Plugins¶
Azkaban is designed to be modular. We are able to plug in code to add viewer pages or execute jobs in a customizable manner. These pages will describe the azkaban-plugins that can be downloaded from the download page and how to extend Azkaban by creating your own plugins or extending an existing one.
HadoopSecurityManager¶
The most common adoption of Azkaban has been in the big data platforms such as Hadoop, etc. Azkaban’s jobtype plugin system allows most flexible support to such systems.
Azkaban is able to support all Hadoop versions, with support for Hadoop security features; Azkaban is able to support various ecosystem components with all different versions, such as different versions of pig, hive, on the same instance.
A common pattern to achieve this is by using the
HadoopSecurityManager
class, which handles talking to a Hadoop
cluster and take care of Hadoop security, in a secure way.
Hadoop Security with Kerberos, Hadoop Tokens¶
When Hadoop is used in enterprise production environment, it is advisable to have its security feature turned on, to protect your data and guard against mistakes.
Kerberos Authentication
The most common authentication provided by Apache Hadoop is via Kerberos, which requires a KDC to authenticate users and services.
A user can authenticate with KDC via username/password or use a keytab. KDC distributes a tgt to authenticated users. Hadoop services, such as name node and job tracker, can use this tgt to verify this is authenticated user.
Hadoop Tokens
Once a user is authenticated with Hadoop services, Hadoop will issue tokens to the user so that its internal services won’t flood KDC. For a description of tokens, see here.
Hadoop SecurityManager
For human users, one authenticate with KDC with a kinit command. But for
scheduler such as Azkaban that runs jobs on behalf as other users, it
needs to acquire tokens that will be used by the users. Specific Azkaban
job types should handle this, with the use of HadoopSecurityManager
class.
For instance, when Azkaban loads the pig job type, it will initiate a HadoopSecurityManager that is authenticated with the desired KDC and Hadoop Cluster. The pig job type conf should specify which tokens are needed to talk to different services. At minimum it needs tokens from name node and job tracker. When a pig job starts, it will go to the HadoopSecurityManager to acquire all those tokens. When the user process finishes, the pig job type calls HadoopSecurityManager again to cancel all those tokens.
Settings Common to All Hadoop Clusters¶
When a user program wants to talk to a Hadoop cluster, it needs to know
where are the name node and job tracker. It also needs to know how to
authenticate with them.
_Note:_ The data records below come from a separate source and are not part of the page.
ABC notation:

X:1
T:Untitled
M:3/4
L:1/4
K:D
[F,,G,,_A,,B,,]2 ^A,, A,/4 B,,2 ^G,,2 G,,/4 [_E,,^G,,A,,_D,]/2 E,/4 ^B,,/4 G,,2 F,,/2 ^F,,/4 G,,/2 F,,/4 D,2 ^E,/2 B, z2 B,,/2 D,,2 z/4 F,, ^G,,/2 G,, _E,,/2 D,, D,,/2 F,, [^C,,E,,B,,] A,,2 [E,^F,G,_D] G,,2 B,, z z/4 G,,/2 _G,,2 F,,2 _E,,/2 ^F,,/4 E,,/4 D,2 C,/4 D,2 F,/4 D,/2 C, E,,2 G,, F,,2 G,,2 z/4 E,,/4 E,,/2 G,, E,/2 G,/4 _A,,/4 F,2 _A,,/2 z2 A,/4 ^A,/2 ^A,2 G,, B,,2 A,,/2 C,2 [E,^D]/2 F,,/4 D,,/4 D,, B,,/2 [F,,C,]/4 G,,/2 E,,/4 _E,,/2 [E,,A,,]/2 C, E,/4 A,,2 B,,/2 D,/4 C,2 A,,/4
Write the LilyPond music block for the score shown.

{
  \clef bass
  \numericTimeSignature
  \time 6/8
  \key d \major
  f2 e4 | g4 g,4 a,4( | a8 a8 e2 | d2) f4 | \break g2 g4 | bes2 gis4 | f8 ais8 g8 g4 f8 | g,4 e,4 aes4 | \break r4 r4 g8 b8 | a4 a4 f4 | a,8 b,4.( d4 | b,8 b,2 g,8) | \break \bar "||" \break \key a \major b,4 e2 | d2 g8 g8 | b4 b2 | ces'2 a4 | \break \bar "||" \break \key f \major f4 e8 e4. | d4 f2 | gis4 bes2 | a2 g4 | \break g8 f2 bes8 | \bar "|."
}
These information are all in the Hadoop config
files that are normally in $HADOOP_HOME/conf
. For this reason, this
conf directory as well as the hadoop-core jar need to be on azkaban
executor server classpath.
If you are using Hive that uses HCat as its metastore, you also need relevant hive jars and hive conf on the classpath as well.
Native Library
Most likely your Hadoop platform depends on some native library, this should be specified in java.library.path in azkaban executor server.
temp dir
Besides those, many tools on Hadoop, such as Pig/Hive/Crunch write files
into temporary directory. By default, they all go to /tmp
. This
could cause operations issue when a lot of jobs run concurrently.
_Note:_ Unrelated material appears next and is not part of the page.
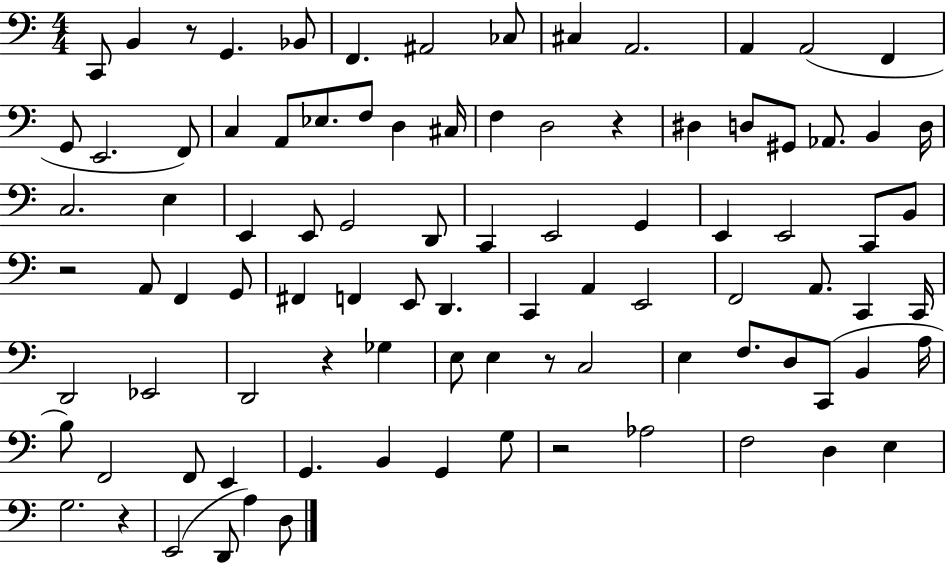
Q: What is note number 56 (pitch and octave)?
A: C2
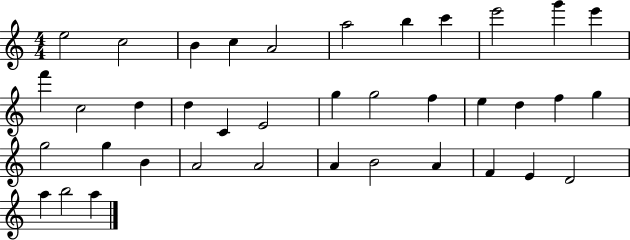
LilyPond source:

Because of this, you may want to change this by setting
java.io.tmp.dir
to a different directory.
Settings To Talk to UNSECURE Hadoop Cluster¶
If you are just starting out with Hadoop, chances are you don’t have kerberos authentication for your Hadoop. Depending on whether you want to run everything as azkaban user (or whatever user started the azkaban executor server), you can do the following settings:
- If you started the executor server with user named azkaban, and you
want to run all the jobs as azkaban on Hadoop, just set
azkaban.should.proxy=false
andobtain.binary.token=false
- If you started the executor server with user named azkaban, but you
want to run Hadoop jobs as their individual users, you need to set
azkaban.should.proxy=true
andobtain.binary.token=false
Settings To Talk to SECURE Hadoop Cluster¶
For secure Hadoop clusters, Azkaban needs its own kerberos keytab to authenticate with KDC. Azkaban job types should acquire necessary Hadoop tokens before user job process starts, and should cancel the tokens after user job finishes.
All job type specific settings should go to their respective plugin conf files. Some of the common settings can go to commonprivate.properties and common.properties.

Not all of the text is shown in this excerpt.